FIG. 8 shows the measurement results obtained using the three methods described above, and also shows the results obtained using the ASTM modified point counting method for comparison. (1) in Figure 8,
(2), (3) are the above three methods (1), (
2), 4) representing (3) is the ASTM modified point counting method (Modified Point-Cou
nt Method of ASTM).

Note that the cement paste capacity in method (4) is determined from the formulation.
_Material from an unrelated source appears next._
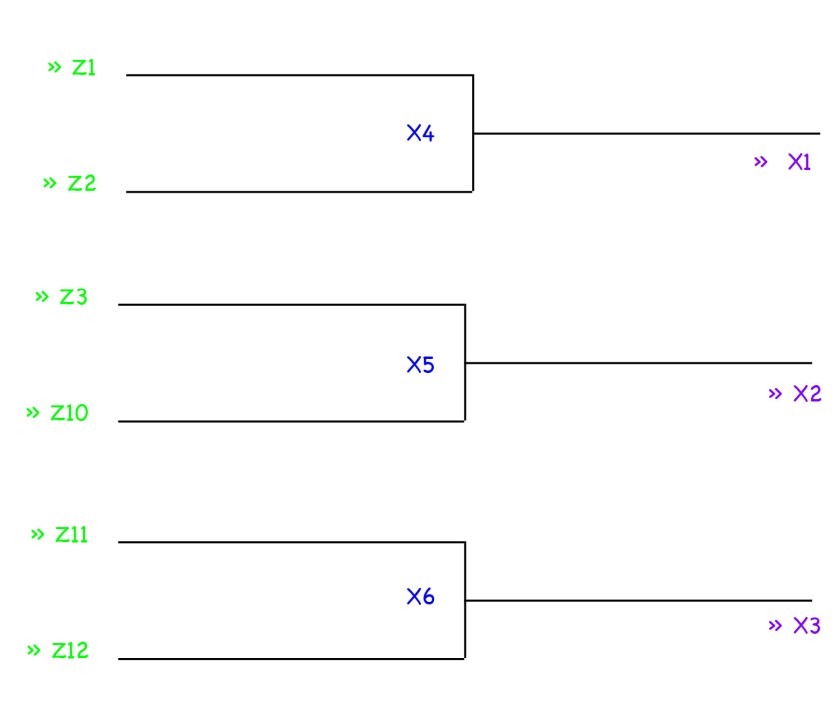 The Big, Peculiar Bracket, a Postmortem, Part I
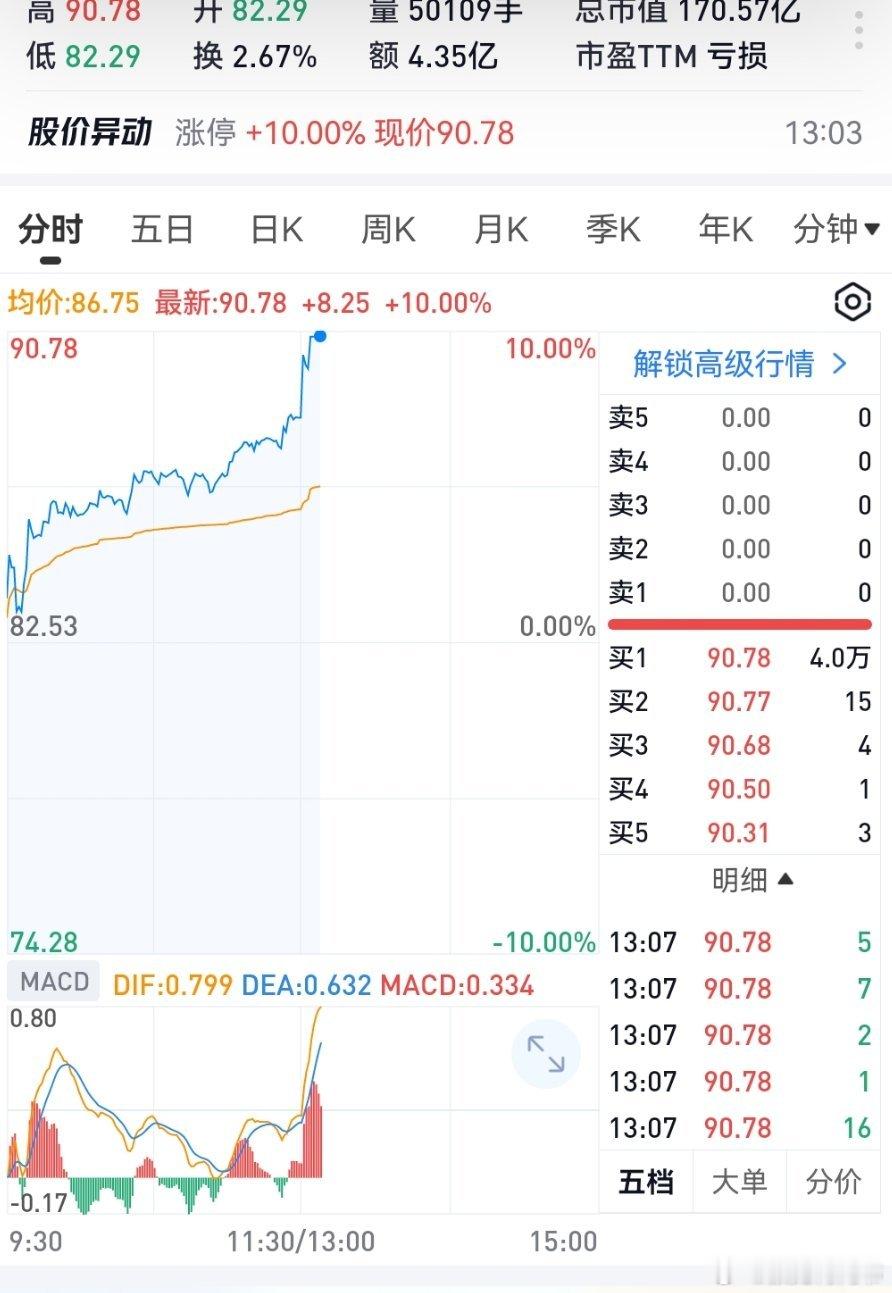 这是我做第3轮了，我说过AI基建肯定有大的！很多人总以为我是哪个长发，哪个还真不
FIG. 9 shows the distribution of the measured bubble sizes.

The horizontal axis shows the bubble diameter, and the vertical axis shows the frequency in %.

From FIG. 8 and FIG. 9, it can be seen that the cell structure of concrete obtained by this image analysis device is quite reliable.

The time required for image analysis is approximately one hour for all three methods, and the time required for capturing and processing micro images, which requires the most time, is automatically measured, so the time required for the measurement operator is reduced. The measurement takes only about 20 minutes.

〔Effect of the invention〕

As is clear from the above description, according to the present invention, the bubble structure can be measured with high precision in a short time by shining light onto the sample from multiple directions and analyzing the reflected light. It has this excellent effect.

[Brief explanation of the drawing]

Fig. 1 is an explanatory diagram showing the principle of the present invention, Fig. 2 is a diagram showing an example of a block diagram of an image analysis device implementing the present invention, and Fig. 3 is a binary representation of the concrete aggregate area and cement paste area. Figure 4 is an illustration of the illuminance vector, Figure 5 is an illustration of the binarization of the illuminance vector, Figure 6 is an illustration of color analysis, and Figure 7 is an illustration of the binary representation of the bubble structure. FIG. 8 is a diagram showing the measurement results of the example, and FIG. 9 is a diagram showing the bubble distribution of the example. 1--1 sample 2--1 vibration isolation table 3--XY stage 4--XY stage control device 5--1 automatic focus mechanism 6--1 automatic focus control device 7-
--Micro camera 8-m-Macro camera 9.1
0-11 Camera control unit 11---Video switching unit 12-m-Lighting device 13-
--Image processing device

Claims (4)

[Claims] (1) From multiple directions on the surface of a sample with air bubbles on the surface.
Irradiates light in each direction and captures images for each irradiation direction.
A method for measuring bubble structure, characterized in that bubbles are measured from the difference in brightness at the same position in each of the images. (2) The cell structure measuring method according to claim 1, wherein the plurality of directions are three directions. (3) The cell structure measuring method according to claim 1 or 2, characterized in that concrete is used as the sample. (4) The cell structure measuring method according to claim 3, characterized in that the surface of the concrete sample is divided into an aggregate region and a cement paste region, and the bubbles are measured only in the cement paste region.